May 10, 2004

"Can Do" contagion?

There is a theory that ideas are like infections. That very small building blocks of ideas, called "memes", spread in a similar way to viruses, by fitting into the idea structures that we already have embedded in us. So it doesn't mean that the ideas that spread are the most accurate, just that they happen to have the right shape to fit the form.

This theory has the virtue of explaining fashions and fads, as well as the memnonic qualities of poetry and music, and why English speaking orators at least tend to group things in threes.

My favourite example for demonstrating this sort of infection at a political level is the slogan "Jobs not GST", which I think did most of the damage to John Hewson in the 1993 election. (Hewson was running with a package called Fightback! which featured direct income tax cuts coupled with the indirect Goods and Services Tax, while Keating was running on jobs, jobs, jobs). I credit the invention of this phrase to Wayne Swan, but I have never been sure if that was the case. Can anyone fill me in?

"Jobs not GST" was almost perfect, except that as history has subsequently proven, it was a non-sequitur. Otherwise it had it all - cadence, alliteration, juxtaposition and compression. You could write it on a beer coaster yet it summed up perfectly what the election was supposed to be about.
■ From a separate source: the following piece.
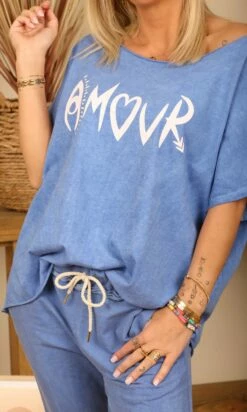 T-Shirt Solene Oversize Bleu Jean Amour Blanc -Vêtements Soldes 2024 facetune 09 05 2023 09 47 01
Campbell Newman's "Can Do Campbell" is another one of those phrases. It's so good that it has apparently infected political campaigns on both sides of the Pacific. This link (courtesy of Michael Lee) demonstrates that either US Presidential Candidate John Kerry has been paying close attention to Australian elections, or that "Can Do" is a phrase on the way to being in plague proportions.

The question is, will the infection prove fatal to George W Bush as it did for Tim Quinn?